(TASK REQUIREMENTS)
Take the material below and extract the lines from the one with "Czwarte zdjęcie samochodu" through the one with "Musician Reaction DINNER WITH RUSH", word for word, without pictures.

(SOURCE MATERIAL)
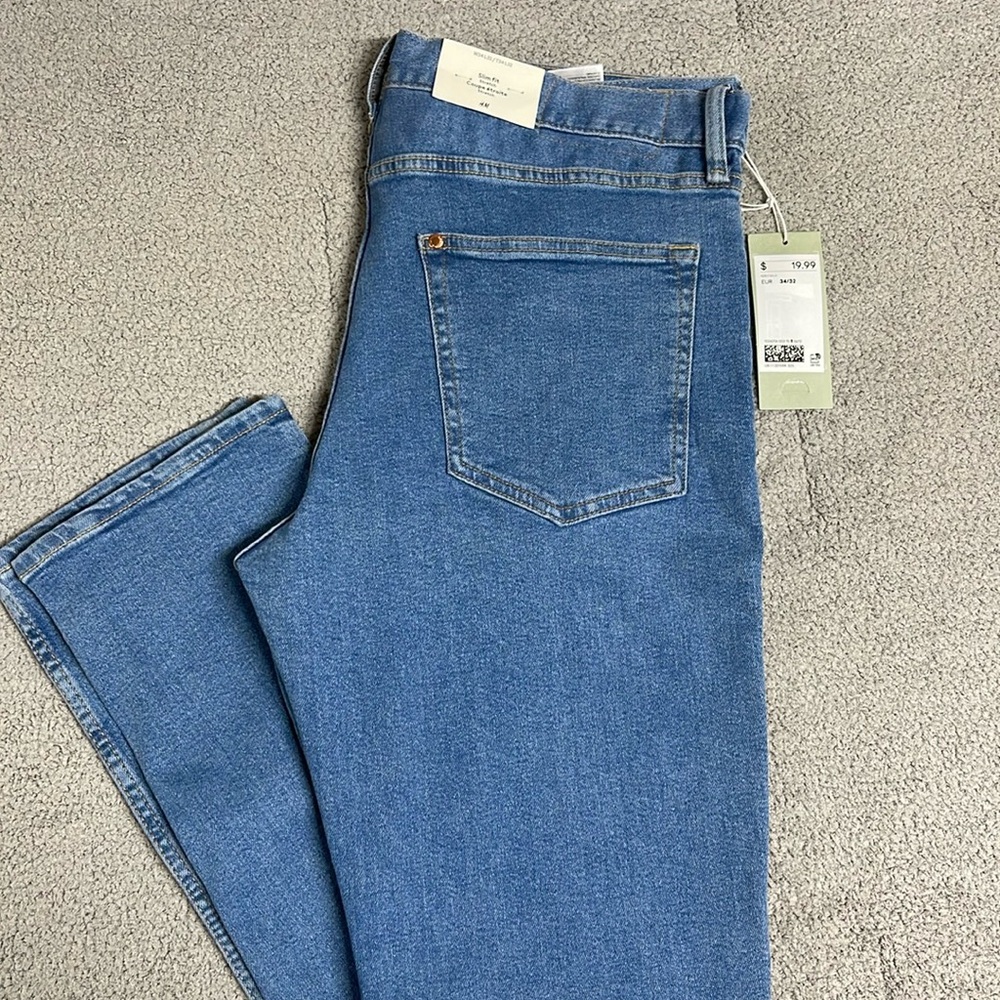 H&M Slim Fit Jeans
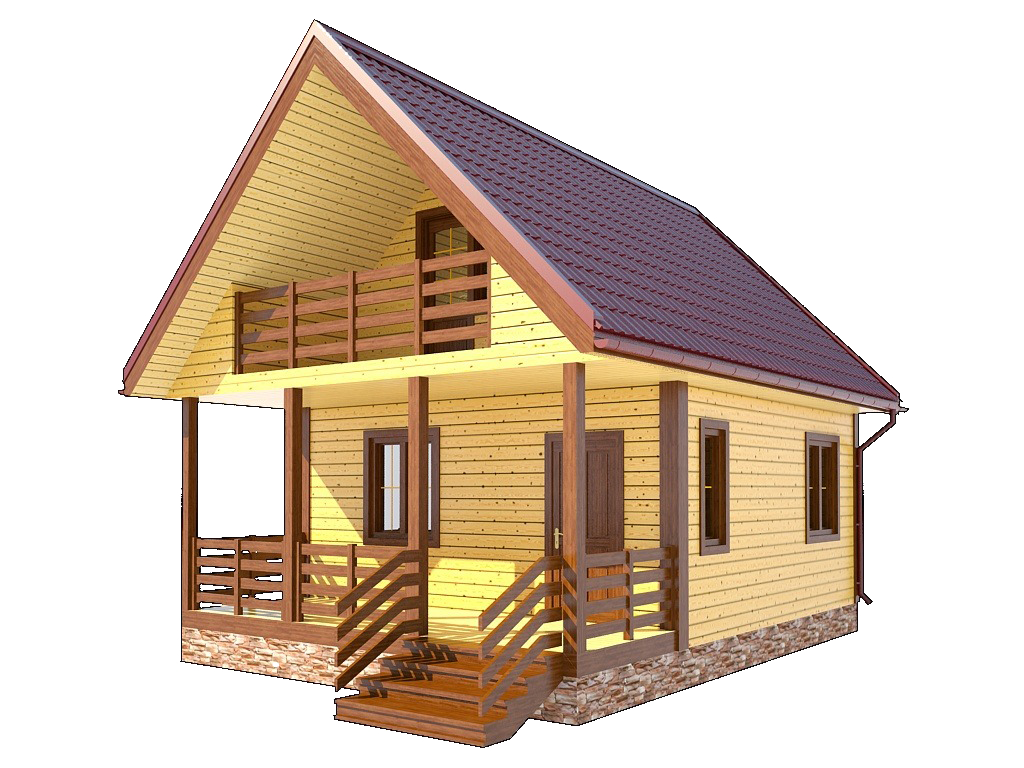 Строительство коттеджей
---
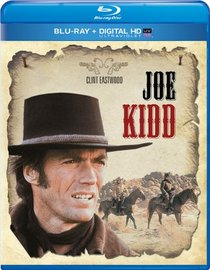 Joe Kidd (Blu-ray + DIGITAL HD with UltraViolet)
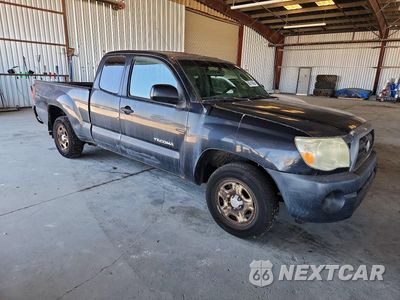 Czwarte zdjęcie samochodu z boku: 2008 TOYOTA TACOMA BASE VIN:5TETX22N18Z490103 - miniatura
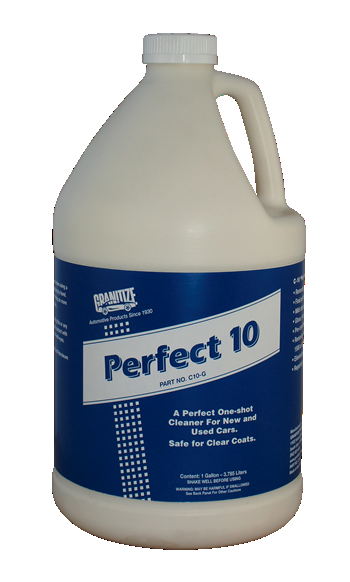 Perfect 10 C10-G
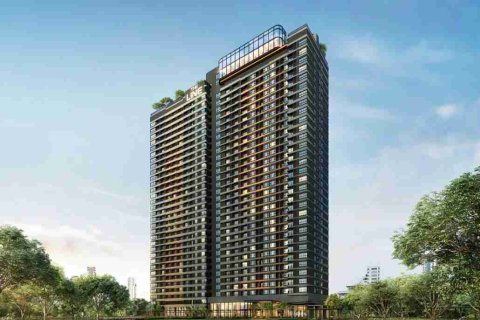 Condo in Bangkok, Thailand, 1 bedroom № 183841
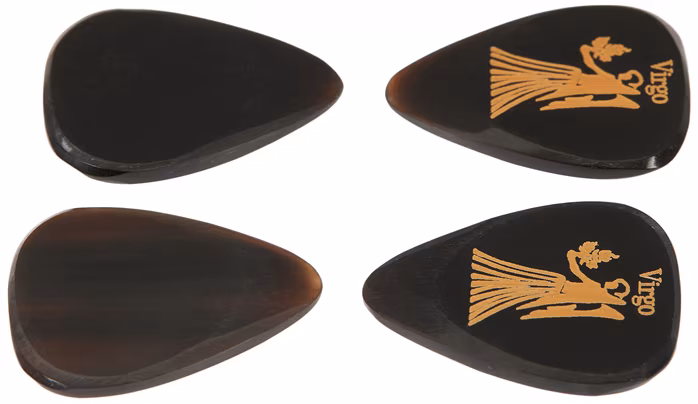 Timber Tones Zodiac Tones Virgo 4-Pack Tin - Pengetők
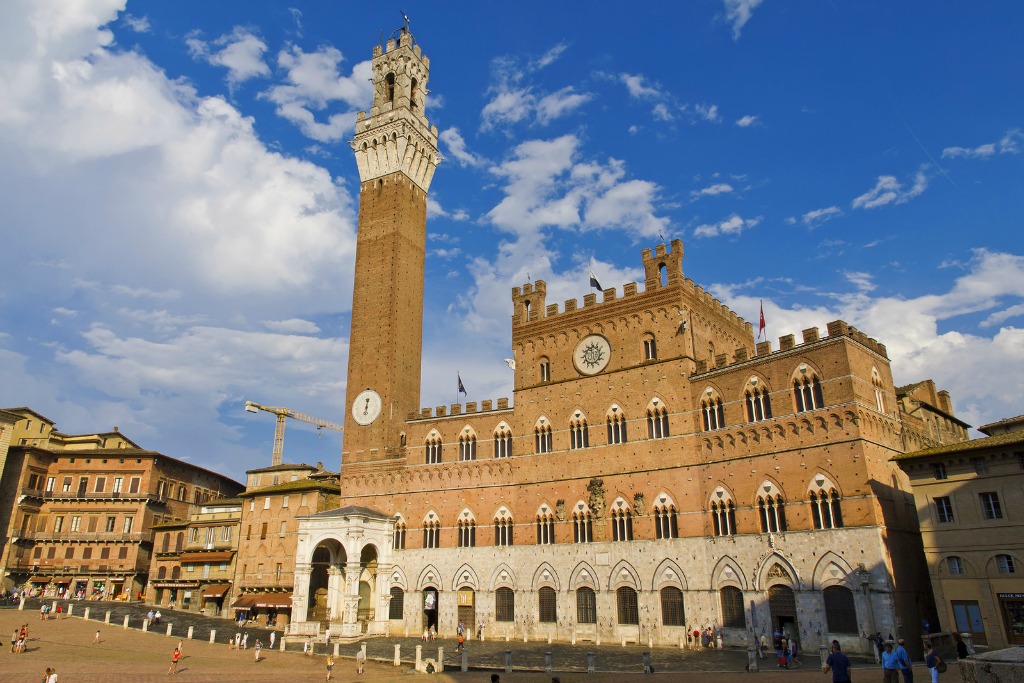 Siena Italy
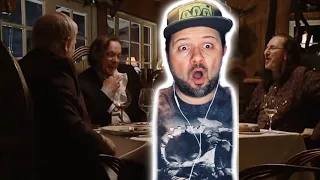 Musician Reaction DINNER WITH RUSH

(RESULT)
 Czwarte zdjęcie samochodu z boku: 2008 TOYOTA TACOMA BASE VIN:5TETX22N18Z490103 - miniatura
 Perfect 10 C10-G
 Condo in Bangkok, Thailand, 1 bedroom № 183841
 Timber Tones Zodiac Tones Virgo 4-Pack Tin - Pengetők
 Siena Italy
 Musician Reaction DINNER WITH RUSH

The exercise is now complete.